🤖 AI Summary
In robotic-assisted surgery (RAS) video understanding, a spatio-temporal supervision imbalance arises due to dense long-term annotations (e.g., surgical phases) contrasted with sparse short-term annotations (e.g., instrument segmentation, actions). To address this, we propose a flow-driven multi-task learning framework. Our method leverages optical flow estimation to temporally interpolate pixel-level segmentation labels from sparse keyframes, enabling reliable full-frame label propagation. It jointly models surgical phase recognition, instrument semantic segmentation, and action detection. With only a few keyframe annotations, the framework significantly improves segmentation and action recognition accuracy, achieving state-of-the-art performance across multiple RAS benchmarks while enhancing model generalizability and training efficiency. The core innovation lies in deeply integrating optical-flow-guided label interpolation into the multi-task architecture, effectively alleviating the spatio-temporal annotation imbalance bottleneck.
📝 Abstract
Robot-assisted surgery (RAS) has become a critical paradigm in modern surgery, promoting patient recovery and reducing the burden on surgeons through minimally invasive approaches. To fully realize its potential, however, a precise understanding of the visual data generated during surgical procedures is essential. Previous studies have predominantly focused on single-task approaches, but real surgical scenes involve complex temporal dynamics and diverse instrument interactions that limit comprehensive understanding.
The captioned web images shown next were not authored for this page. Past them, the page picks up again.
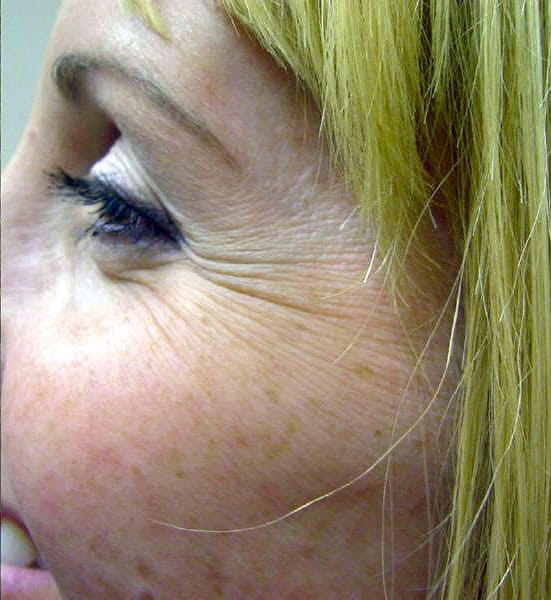 Before Wrinkle Reduction by Emelis Aesthetics in Dallas TX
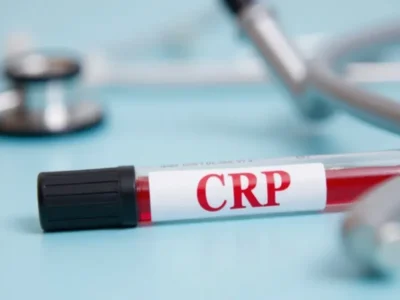Jak wysokie CRP powinno niepokoić? Wartości i interpretacja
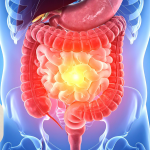 Featured & Cover Coping Strategies for Indian Americans Facing Colorectal Cancer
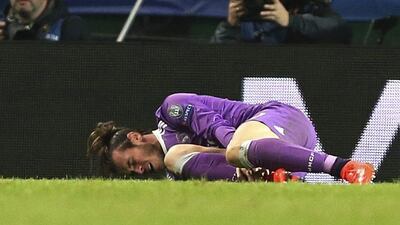 Real Madrid's Gareth Bale reacts after being injured against Sporting Lisbon last week. Steven Governo / AP Photo / November 22, 2016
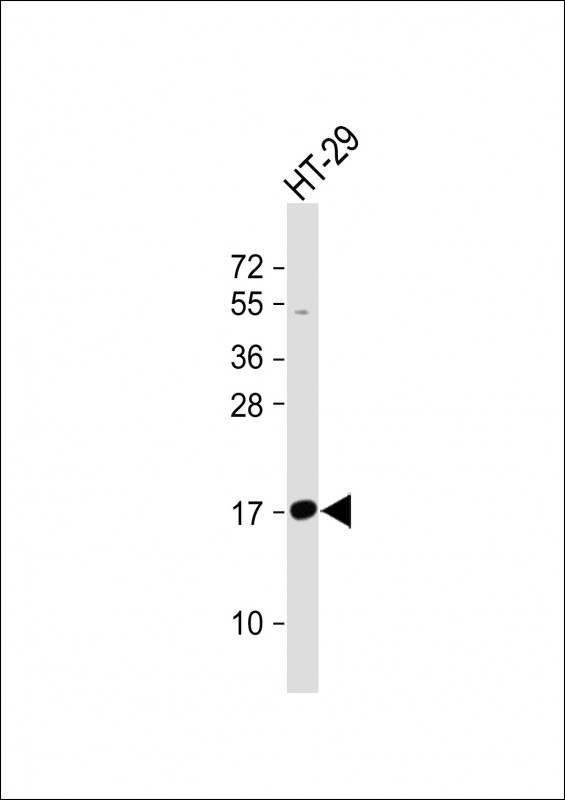WB - IFITM5 Antibody (Center) AP11058c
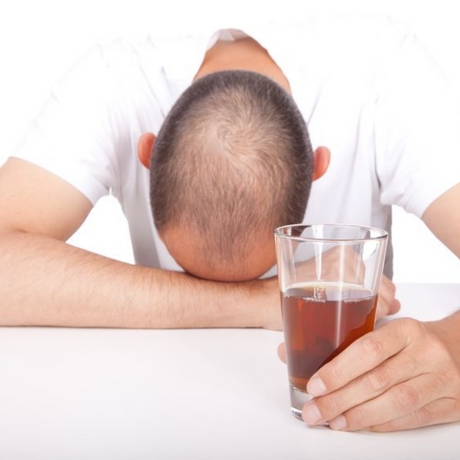 Depressed man with hair loss, bald head and drinking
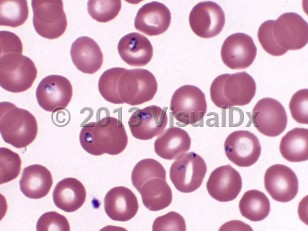 Lab image of Babesiosis - imageId=6968796. Click to open in gallery.  caption: '<span>Blood smear showing various intraerythrocytic forms of babesia.</span>'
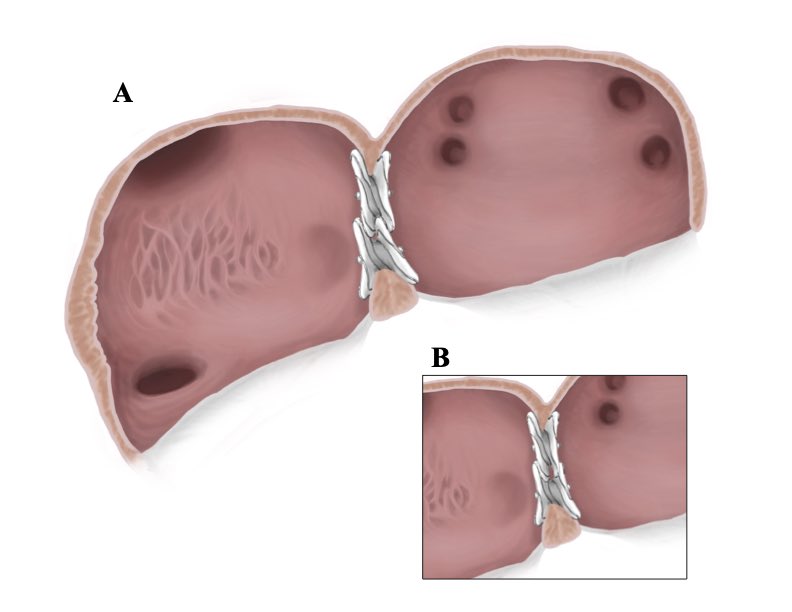 Bryan Traynor (@bryantraynor6) on Twitter photo Multiple ASDs can require multiple closure devices. We demonstrate the “interleaving” and “sandwiching” methods using the Gore Cardioform ASD Occluder and their advantages in these different anatomies. #JACCINT <a href="/JACCJournals/">JACC Journals</a> <a href="/SamiAlnasserMD/">Sami Alnasser</a> <a href="/npfam1/">Neil Fam</a> jacc.org/doi/10.1016/j.… Multiple ASDs can require multiple closure devices. We demonstrate the “interleaving” and “sandwiching” methods using the Gore Cardioform ASD Occluder and their advantages in these different anatomies. #JACCINT <a href="/JACCJournals/">JACC Journals</a> <a href="/SamiAlnasserMD/">Sami Alnasser</a> <a href="/npfam1/">Neil Fam</a> jacc.org/doi/10.1016/j.…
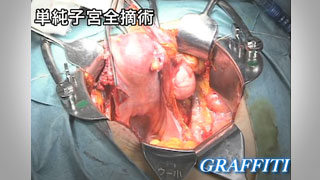 婦人科がんの手術基本手技 1.単純子宮全摘術 ノーカット版 20分 婦人科がんの手術基本手技1.単純子宮全摘術 ノーカット版 20分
Moreover, the effective application of multi-task learning (MTL) requires sufficient pixel-level segmentation data, which are difficult to obtain due to the high cost and expertise required for annotation. In particular, long-term annotations such as phases and steps are available for every frame, whereas short-term annotations such as surgical instrument segmentation and action detection are provided only for key frames, resulting in a significant temporal-spatial imbalance. To address these challenges, we propose a novel framework that combines optical flow-based segmentation label interpolation with multi-task learning. optical flow estimated from annotated key frames is used to propagate labels to adjacent unlabeled frames, thereby enriching sparse spatial supervision and balancing temporal and spatial information for training. This integration improves both the accuracy and efficiency of surgical scene understanding and, in turn, enhances the utility of RAS.